> Task directions
Pictures aside, every line of the listing should be given again exactly.

*** Block opens ***

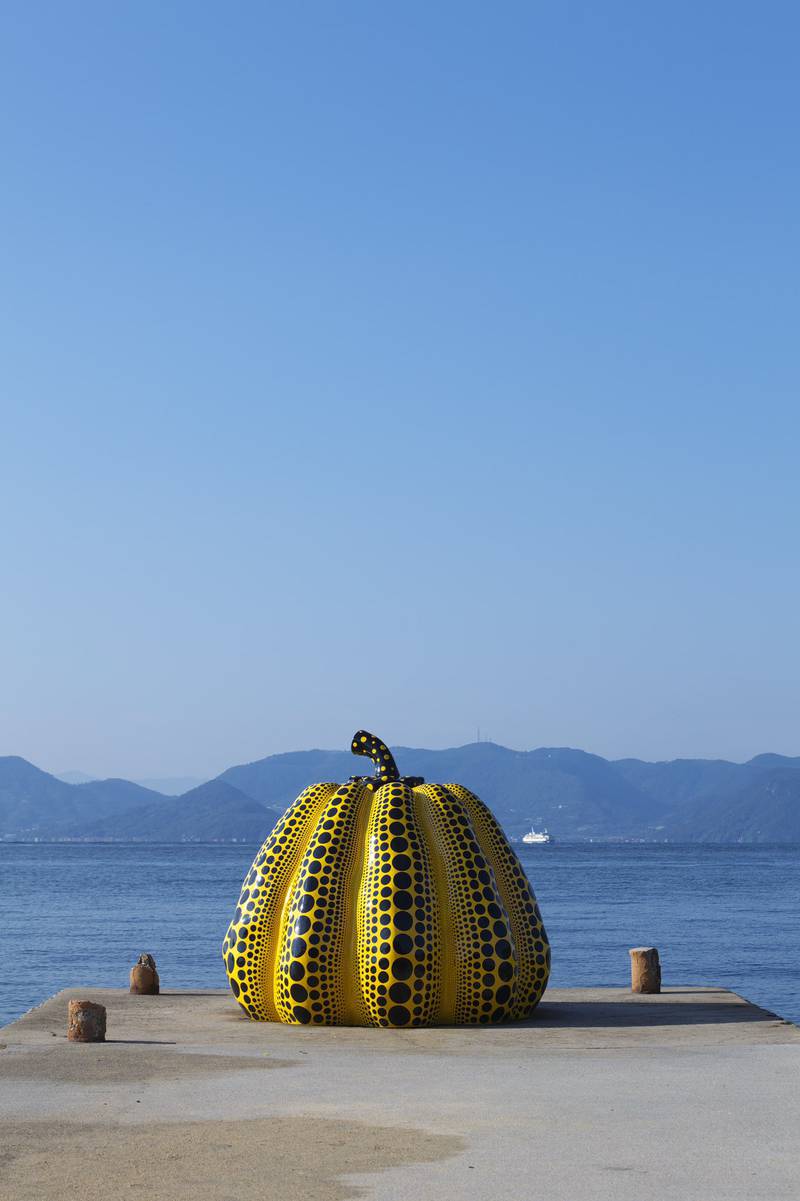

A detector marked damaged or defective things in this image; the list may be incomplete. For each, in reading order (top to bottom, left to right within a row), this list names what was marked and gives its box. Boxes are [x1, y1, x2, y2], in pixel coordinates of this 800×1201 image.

rusty mooring post [127, 951, 157, 989]
rusty mooring post [624, 946, 658, 994]
rusty mooring post [66, 994, 105, 1042]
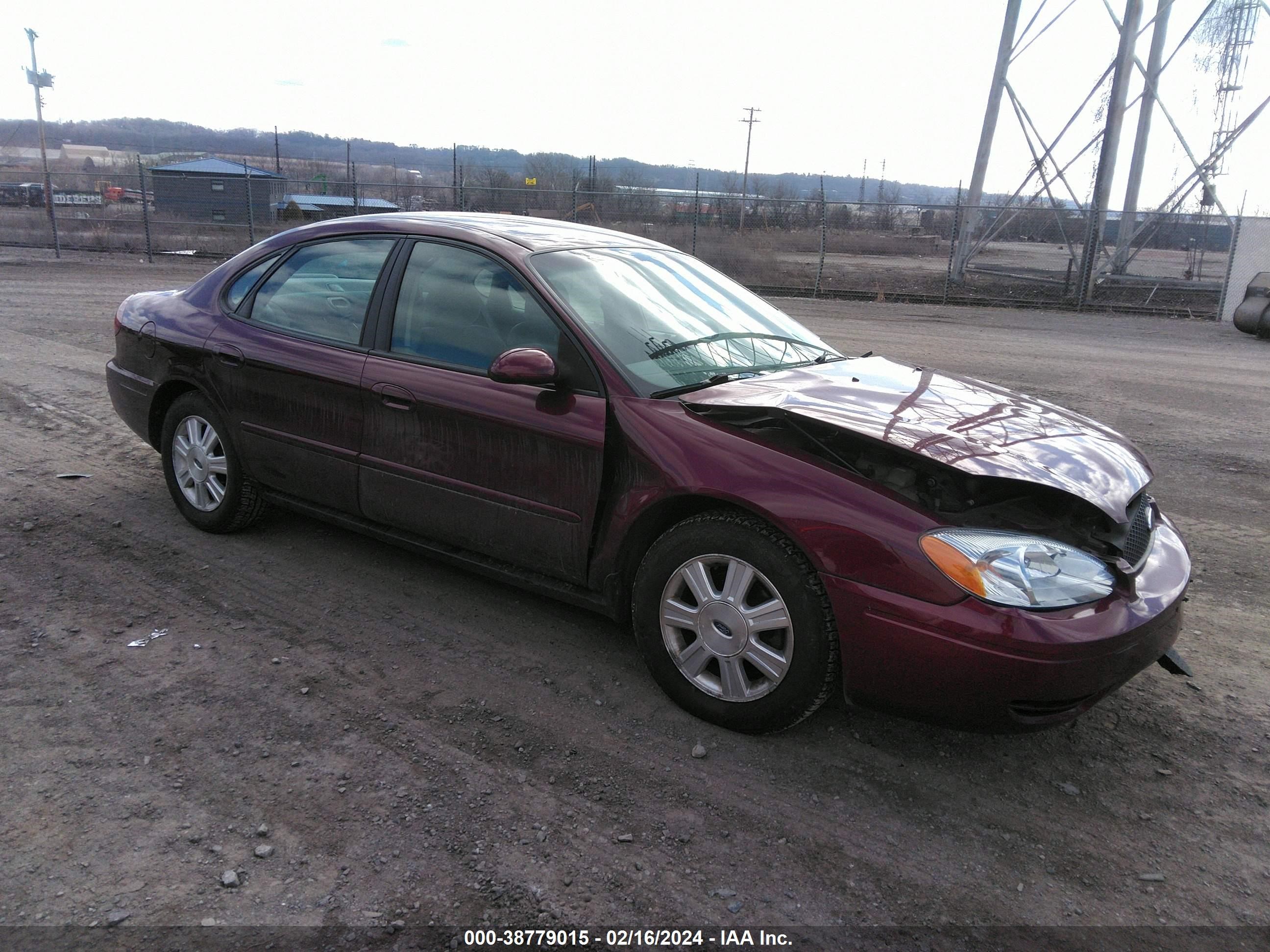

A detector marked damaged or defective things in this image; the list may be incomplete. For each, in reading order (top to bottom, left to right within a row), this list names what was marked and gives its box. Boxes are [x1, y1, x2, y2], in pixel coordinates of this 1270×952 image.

damaged hood [690, 355, 1152, 525]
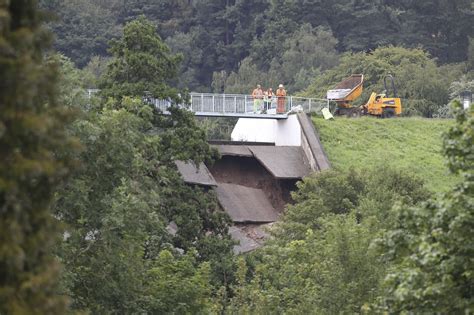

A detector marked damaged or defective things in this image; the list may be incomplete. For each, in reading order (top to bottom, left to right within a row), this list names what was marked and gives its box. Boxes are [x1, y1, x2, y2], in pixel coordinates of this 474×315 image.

damaged concrete slab [175, 162, 218, 186]
damaged concrete slab [248, 146, 312, 179]
damaged concrete slab [217, 184, 280, 223]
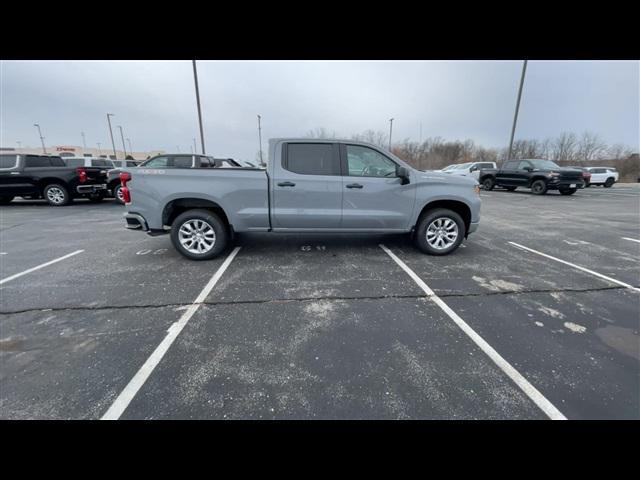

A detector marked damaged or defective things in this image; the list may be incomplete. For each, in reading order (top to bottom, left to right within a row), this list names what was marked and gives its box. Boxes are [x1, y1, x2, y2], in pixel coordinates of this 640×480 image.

cracked pavement [1, 186, 640, 418]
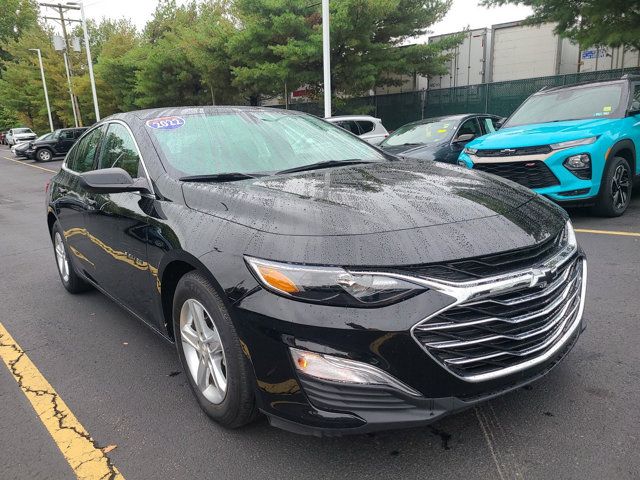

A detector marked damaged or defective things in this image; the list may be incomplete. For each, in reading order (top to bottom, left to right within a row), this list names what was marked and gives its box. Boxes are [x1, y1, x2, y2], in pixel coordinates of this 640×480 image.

cracked asphalt [0, 146, 636, 480]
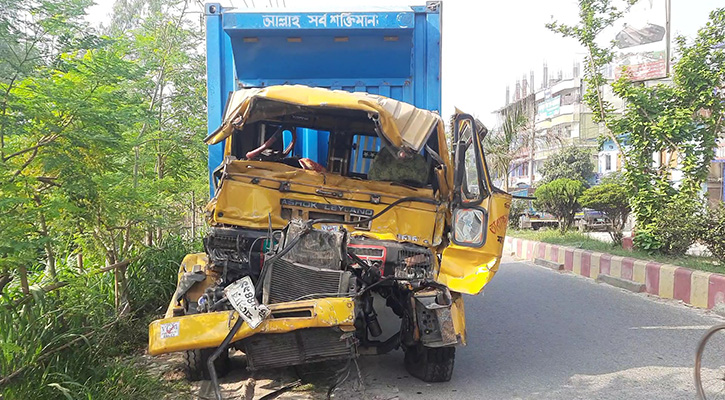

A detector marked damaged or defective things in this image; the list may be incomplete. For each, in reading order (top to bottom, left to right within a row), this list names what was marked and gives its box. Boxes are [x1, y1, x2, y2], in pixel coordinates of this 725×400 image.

severely damaged truck [146, 1, 510, 386]
detached bumper [146, 296, 354, 354]
damaged radiator [243, 326, 356, 370]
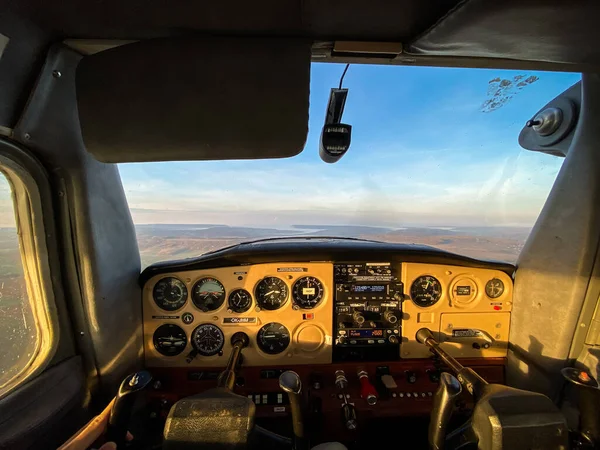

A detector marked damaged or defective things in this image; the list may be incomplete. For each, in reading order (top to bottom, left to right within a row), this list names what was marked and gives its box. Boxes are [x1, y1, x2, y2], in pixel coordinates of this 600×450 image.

*** Block closes ***

> Task response
A detector marked damaged or defective things in this image; the list may be incomplete. For each, in reading order (top to bottom, left to right within a row), this list names what was marked and gives its box. Boxes are [x1, y1, x2, y2], in pixel coordinates of this 800×1201 image.

rusty mooring post [127, 951, 157, 989]
rusty mooring post [624, 946, 658, 994]
rusty mooring post [66, 994, 105, 1042]

A detector marked damaged or defective things in this image; the list may be incomplete. For each, in reading order (top to bottom, left to right within a row), this list names what was marked and gives its box. Boxes are [x1, y1, x2, y2], in pixel coordinates of this 1270×952 image.

damaged hood [690, 355, 1152, 525]

A detector marked damaged or defective things in this image; the list may be incomplete. For each, in reading order (top to bottom, left to right within a row), this list names what was marked and gives its box. Boxes are [x1, y1, x2, y2], in pixel coordinates of this 474×315 image.

damaged concrete slab [175, 162, 218, 186]
damaged concrete slab [248, 146, 312, 179]
damaged concrete slab [217, 184, 280, 223]

A detector marked damaged or defective things in this image; the list may be incomplete. For each, in reading order (top to bottom, left to right within a row), this list names what was marked and gives its box. Boxes are [x1, y1, x2, y2], in pixel coordinates of this 640×480 image.

cracked pavement [1, 186, 640, 418]

A detector marked damaged or defective things in this image; the list may be incomplete. For each, in reading order (top to bottom, left to right within a row), this list names what was marked and gives its box. Boxes are [x1, y1, x2, y2], in pixel coordinates of this 640×480 image.

cracked asphalt [0, 146, 636, 480]

A detector marked damaged or defective things in this image; the list may be incomplete. For each, in reading order (top to bottom, left to right within a row), this list names what was marked and gives its box. Boxes are [x1, y1, x2, y2], in pixel coordinates of this 725×400 image.

severely damaged truck [146, 1, 510, 386]
detached bumper [146, 296, 354, 354]
damaged radiator [243, 326, 356, 370]

A detector marked damaged or defective things in this image; the list may be incomplete. For each, in reading order (top to bottom, left to right within a row), this list names what was marked and gives its box. Boxes are [x1, y1, x2, y2], in pixel coordinates of this 600×450 image.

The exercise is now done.